● **RECORDS PROVIDED**:

_ _ _ _

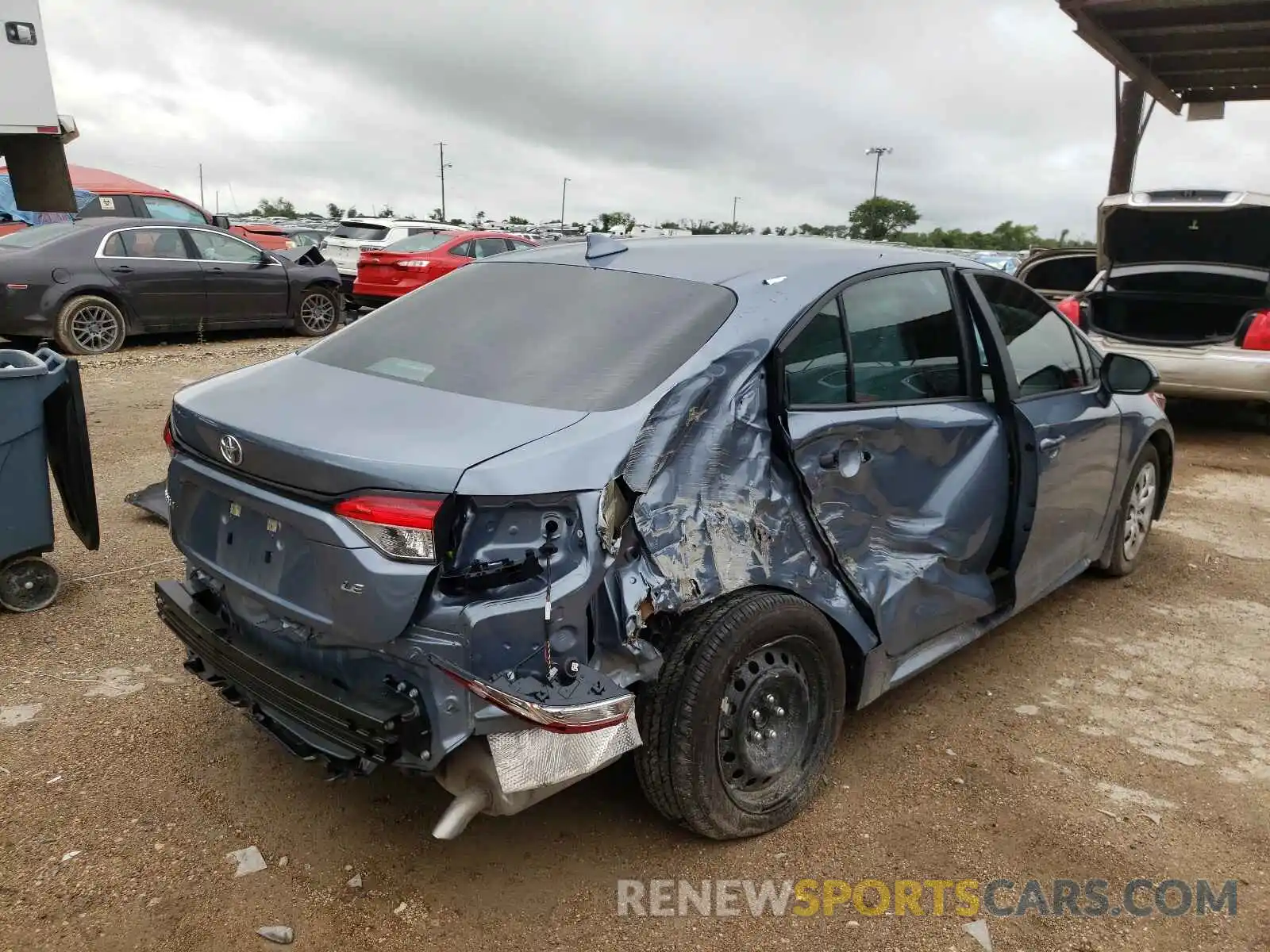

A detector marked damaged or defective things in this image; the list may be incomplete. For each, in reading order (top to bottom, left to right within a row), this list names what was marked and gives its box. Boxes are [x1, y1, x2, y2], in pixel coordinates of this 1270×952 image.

torn sheet metal [124, 479, 170, 525]
damaged blue-gray sedan [151, 233, 1168, 843]
torn sheet metal [612, 347, 873, 654]
dented rear door [777, 265, 1006, 660]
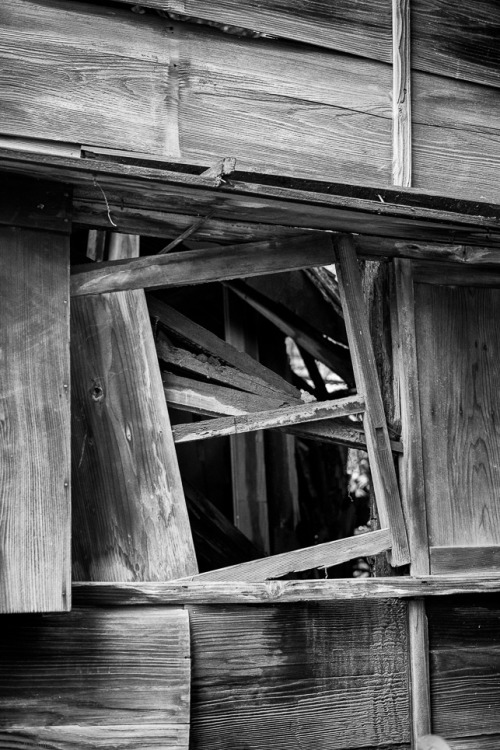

_ _ _ _

● **EXERCISE**: Leaving the pictures aside, write out the entries above exactly.

● **EXERCISE RESULT**:
A detector marked damaged or defective things in this image; the list may be incomplete. For each, in reading order (top to bottom, left to right within a row), this list names what was marked and gives its box. Boxes are [x1, y1, x2, y2], in pixel coordinates of this 1270×952 image.

torn sheet metal [124, 479, 170, 525]
damaged blue-gray sedan [151, 233, 1168, 843]
torn sheet metal [612, 347, 873, 654]
dented rear door [777, 265, 1006, 660]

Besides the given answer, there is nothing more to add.